1) Wages are waaaaay better than what I'd get for doing something equally unskilled.
2) I'll be saving more money than I would if I were doing a PhD, as my cost of living will half of what it would be in Kent, and having very little to do int evenings will also be a bonus in this regard.
3) It takes five minutes at most to get to work, and I don't even have to do food shopping or laundry or anything, so yay, even more free time.
4) I won't have to take it home with me, physically or mentally.
5) It's an easy enough to not soak up all my mental energies, without being totally dull either.
6) I actually care about the business (because one day, it will all be mine! Mine! Well, and my brother's, and possibly not, as they might sell it, but, you know, I don't want my parents to go bankrupt either), which I wouldn't with a lot of other jobs, so I won't hate it and skive off and have to lie about my commitment to it.
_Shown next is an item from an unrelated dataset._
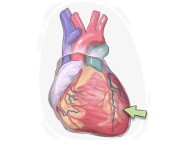 ventricle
I've worked there a lot before, and although working for one's parents and uncle in a building that smells altogether too often of silage (country life, eh?) and Old Man (bored country-dwelling people, eh?) isn't perfect, I don't dislike being there, and I've never felt the urge to be anything other than absolutely diligent - I don't stop for a second for several-hour periods. So no stress there. And there is absolutely no corporate rubbish attached to it. No team-building, no taking it forward, no sucking up for promotion, noot.
7) And there's other things, like getting to live in a nice area, having digital TV, and not having to live with people who let pigeons into the kitchen or only turn the central heating on for four hours a day, if indeed they have it at all. (I respect other people's choices to do this, but These Are Some Things I Could Do Without.)

As for what afterwards, well, I need my metal, friends and accomplishment too much to go without them too for long, but quite what I'll do, where I'll go, and when, I don't yet know. Doing a PhD is still something I'm seriously considering (and taking a year or two off first may in fact be the best thing I can do in this respect, as undeniably, I've worked incredibly hard over the last three years, and I could probably do with a break from it). But I need to see how things go first.

And now, on with the work and lying in bed, as I have a huge amount of both to do. (I'm struggling to get any actual sleep, due to stress and not getting any physical excursion, thanks to this foot thing, so I need a lot of rest.)


Tuesday 3 August 2004

Alas. I am clearly never going to succeed in the real world, for I am simply too nice and honest. When I was buying some met cards (for public transport using purposes) today, the man in the shop tried to give me an extra $20 change, but I pointed out his error without a second thought.

Earlier on, he'd asked if I wanted full-fare or concession. ????? If I was still 21, I'd think my age had been turned upside since I came here. I have been going clubbing regularly since I was 17, and yet - even though I regularly get taken to be four years younger than I am (and equally regularly four years older) - in the following five years, I never once got ID'd. Since I've been in this country, it's happened twice, and now this. You have to be under 15 to get a concession. I turn 23 next week!

And I didn't even look disabled! (As, I've discovered, it's less strain on my foot to walk on it quickly, than to move slowly by crutch. I normally carry them with me, in case it gives out completely - as it has a few times - but today I'd forgotten.) Maybe he took me to be mentally disabled.

In other news, marching fractures appear to run in my department - one of my few fellow students has got one now too!